■ Work required
Could you return all of the records exactly, minus their images?

■ Data for the task

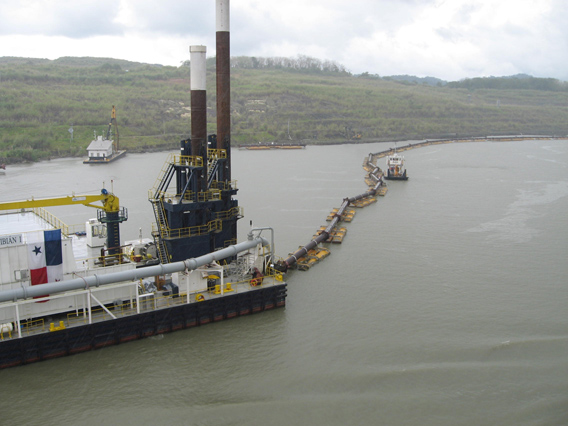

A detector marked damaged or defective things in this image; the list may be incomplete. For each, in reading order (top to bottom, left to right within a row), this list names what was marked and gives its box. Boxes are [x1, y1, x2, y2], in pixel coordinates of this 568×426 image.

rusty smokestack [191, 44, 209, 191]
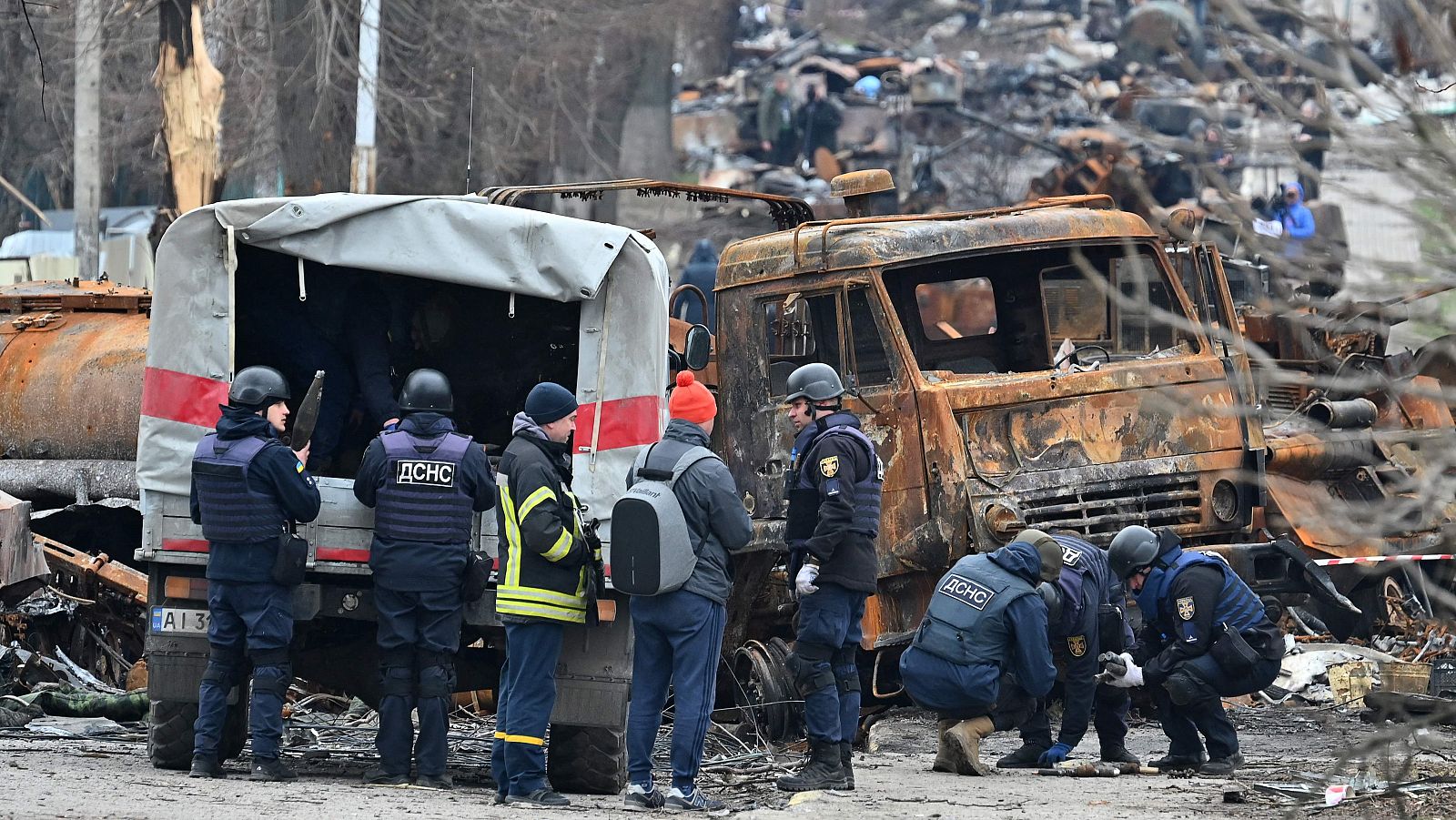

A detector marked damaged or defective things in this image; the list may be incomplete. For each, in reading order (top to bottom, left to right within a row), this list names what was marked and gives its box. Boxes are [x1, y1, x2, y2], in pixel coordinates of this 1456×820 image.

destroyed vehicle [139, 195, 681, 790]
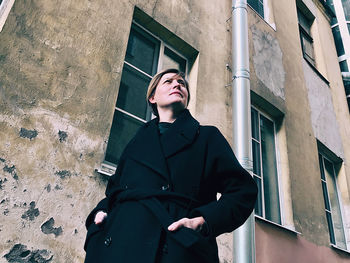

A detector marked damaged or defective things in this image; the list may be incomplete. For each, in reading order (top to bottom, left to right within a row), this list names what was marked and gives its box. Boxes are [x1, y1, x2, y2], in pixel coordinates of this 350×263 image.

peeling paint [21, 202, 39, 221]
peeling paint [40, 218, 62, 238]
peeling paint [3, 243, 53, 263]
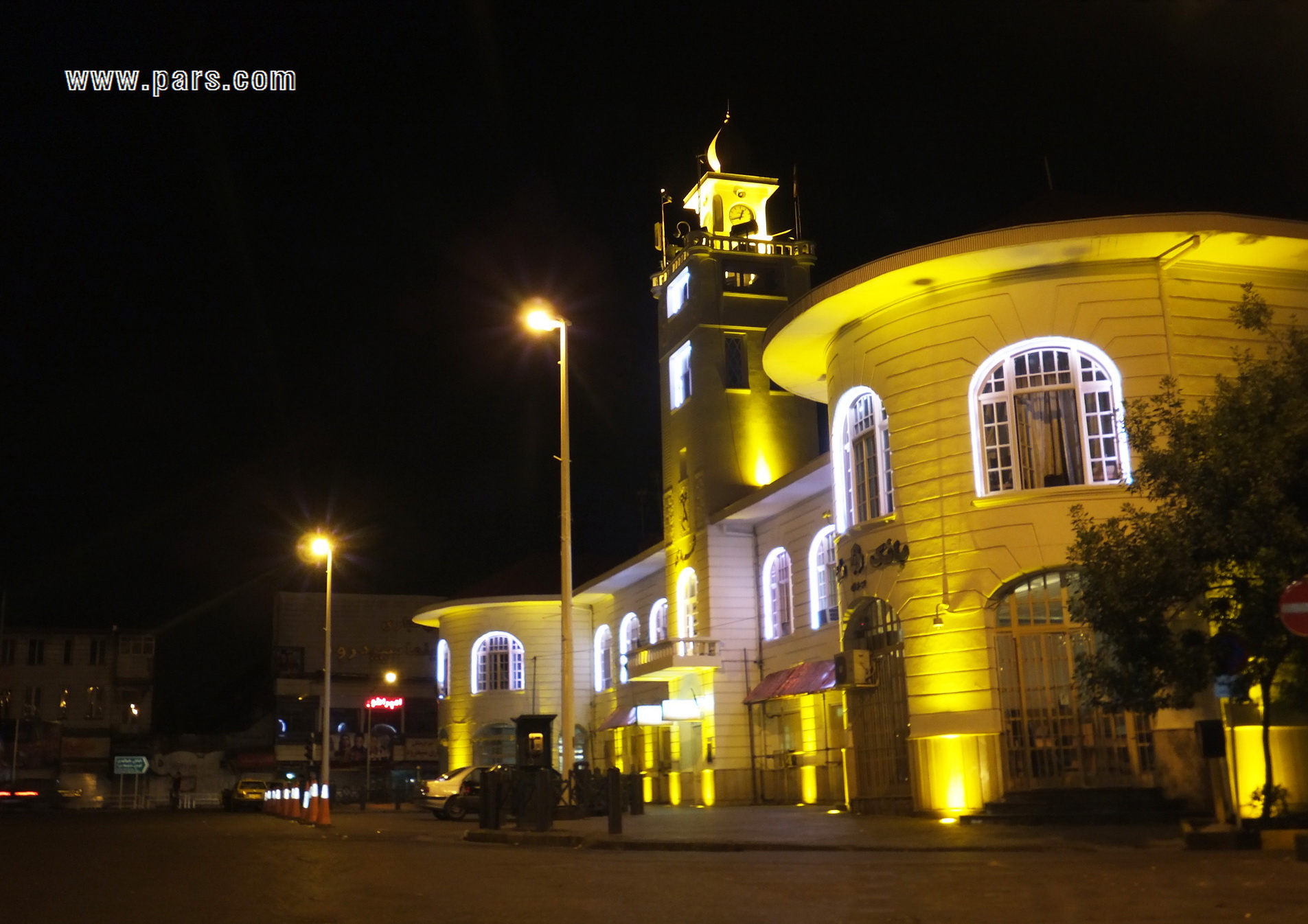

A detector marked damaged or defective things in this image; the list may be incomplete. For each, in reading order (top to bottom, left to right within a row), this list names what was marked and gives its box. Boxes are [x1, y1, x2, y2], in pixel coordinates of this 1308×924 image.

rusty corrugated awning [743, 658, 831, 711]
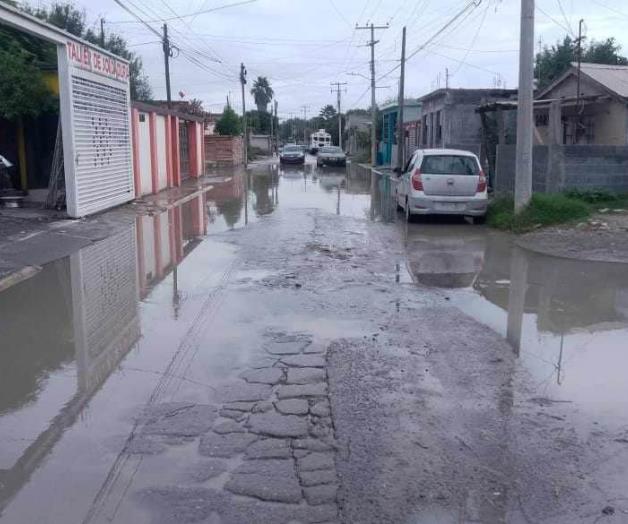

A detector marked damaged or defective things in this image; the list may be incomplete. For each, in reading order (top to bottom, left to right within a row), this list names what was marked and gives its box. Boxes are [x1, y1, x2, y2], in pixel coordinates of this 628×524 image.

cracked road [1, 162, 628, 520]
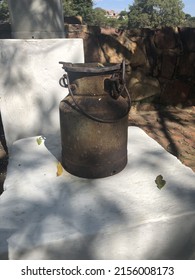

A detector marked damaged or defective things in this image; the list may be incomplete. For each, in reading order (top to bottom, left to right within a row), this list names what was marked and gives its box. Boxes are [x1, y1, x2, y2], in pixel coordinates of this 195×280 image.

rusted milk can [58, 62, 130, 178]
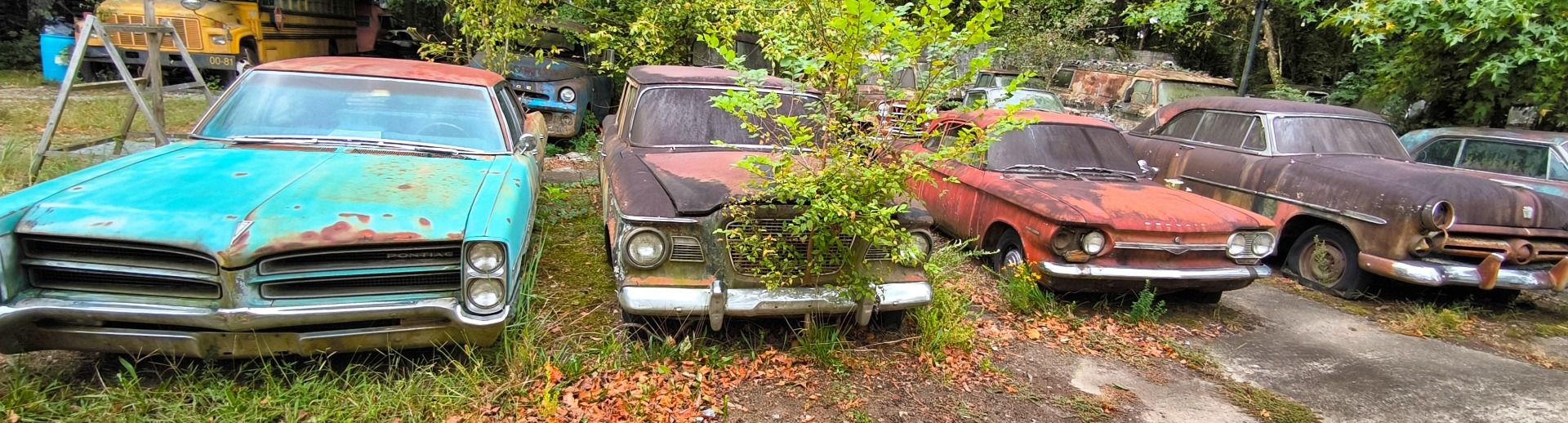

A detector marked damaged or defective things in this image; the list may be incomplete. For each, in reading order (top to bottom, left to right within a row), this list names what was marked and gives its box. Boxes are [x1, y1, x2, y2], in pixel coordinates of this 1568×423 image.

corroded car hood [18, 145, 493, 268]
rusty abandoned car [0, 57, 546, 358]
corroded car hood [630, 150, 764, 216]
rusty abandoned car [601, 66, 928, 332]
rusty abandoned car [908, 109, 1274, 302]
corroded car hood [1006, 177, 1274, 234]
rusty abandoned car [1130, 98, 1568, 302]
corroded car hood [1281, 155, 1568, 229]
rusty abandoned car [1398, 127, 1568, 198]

■ Answer to this problem
A detector marked damaged or defective things in this image; the list may be incomplete. For each, in reading order (top to bottom, left to right within a row), this list names what was marked and gives its box. Boxes are [x1, y1, x2, y2], in pixel coordinates of this 568×426 image.

rusty smokestack [191, 44, 209, 191]

A detector marked damaged or defective things in this image; the list may be incomplete. For each, in reading order (top to bottom, left to right within a row), this list names what was marked and gives its box. Boxes are [x1, y1, x2, y2], in pixel coordinates of this 1456×820 image.

destroyed vehicle [139, 195, 681, 790]

A detector marked damaged or defective things in this image; the list may be incomplete. For each, in reading order (top to bottom, left to right within a row), this list names what was marked and gives its box. Boxes are [x1, y1, x2, y2], in pixel coordinates of this 350×263 image.

peeling paint [21, 202, 39, 221]
peeling paint [40, 218, 62, 238]
peeling paint [3, 243, 53, 263]

A detector marked damaged or defective things in this image; the list may be incomplete. For each, in reading order (top to bottom, left to right within a row), this list names what was marked and gives its box. Boxes are [x1, y1, x2, y2], in pixel coordinates of this 1308×924 image.

rusty corrugated awning [743, 658, 831, 711]

A detector marked damaged or defective things in this image; the list may be incomplete. For each, in reading order (top to bottom, left to right within a row), this list names what was marked and gives its box. Boxes are [x1, y1, x2, y2], in pixel coordinates of this 628×524 image.

cracked road [1, 162, 628, 520]

A detector marked damaged or defective things in this image; the list may be incomplete. For each, in reading order (top to bottom, left to right within a row), this list names what was marked and gives its box. Boxes are [x1, y1, x2, y2], in pixel coordinates of this 195×280 image.

rusted milk can [58, 62, 130, 178]

A detector marked damaged or defective things in this image; the list may be incomplete. For each, in reading order (top to bottom, left to right within a row), this list names what was marked and gives its box. Boxes are [x1, y1, x2, y2], in pixel coordinates of this 1568×423 image.

corroded car hood [18, 145, 493, 268]
rusty abandoned car [0, 57, 546, 358]
corroded car hood [630, 150, 764, 216]
rusty abandoned car [601, 66, 928, 332]
rusty abandoned car [908, 109, 1274, 302]
corroded car hood [1006, 177, 1274, 234]
rusty abandoned car [1130, 98, 1568, 302]
corroded car hood [1281, 155, 1568, 229]
rusty abandoned car [1398, 127, 1568, 198]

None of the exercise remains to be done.